I got my Sage Barista Touch last week. It looks great but I've found that the grinding is taking ages. Even at a medium setting, I'm getting less than 0.5 grams per second. I've tried 2 different bean types and got the same result.

From what I've seen in online videos, this is not normal as it is taking over 30 second to fill 16 grams. Anyone any ideas?

Thanks


----------



## Dalerst (Jan 22, 2020)

I would contact Sage and ask them to send someone to take a look, it should be grinding a lot quicker than that, I get 18g outs in about 14 seconds depending on the bean.


----------



## aido (Sep 27, 2021)

Bouncing an older thread here but hopefully with relevant info.

I bought a refurbished Touch in great condition and it turned up with all new accessories and looked basically like a brand new machine with no marks anywhere and running software version EU vB1.1

The inner burrs came set at 3 and I found it was taking 26 seconds to grind 18g - over the course of a month this slowed down to over 30 seconds which is the max so I was having to use the scales to get the dose right. Bean wise I started with a fresh bag of Kimbo Extra Cream, then went through 6 bags of Rave Coffee from them direct to ensure we had the freshest beans possible and the wife had bought some hazelnut flavoured beans so we tried those.

In total we had put 3.5kg through the machine.

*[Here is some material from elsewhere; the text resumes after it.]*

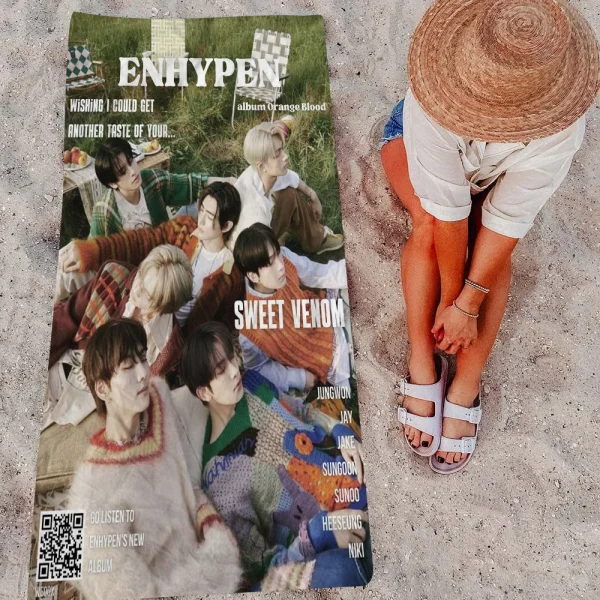 Kpop E-ENHYPENS Microfiber Blanket Quick Drying Beach Towels Oversized Printing Super Absorbent Pool Towel Blanket 4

I bought a new inner burr from Sage and side by side you could clearly see the existing one was heavily worn and not sharp - to be fair the lower burr doesn't feel the sharpest but I haven't found a replacement for that yet.

I then followed the instruction book to remove the upper and lower burrs and fan and cleaned it all out fully - it was really blocked up big time. I'm not sure if damp beans had been used at some point as it was properly gunked up and I had to use a small screwdriver to break all the coffee crud up.

It had even had two doses of Puly Caff grinder cleaner sachets through but other than cleaning the burrs it hadn't touched the blockage.

After putting it all together I found I had to again change the inner burr from 6 set at the factory to 3 to get the right grind and pressure for the current medium roast beans.

The grinder even sounds quieter with a lower pitch than it has since we've had it, and we've gone from over 30 seconds for 18g to just 13-14 seconds for 18g. The first time I ran it at 15 with inner burr set to 6 it spat out over 30 grams in 15 seconds 

So basically if it's running slow ensure it's fully cleaned and the burrs are sharp - I wasn't expecting to have to replace the burrs already in a Sage approved refurb but I did and it's running well now.


----------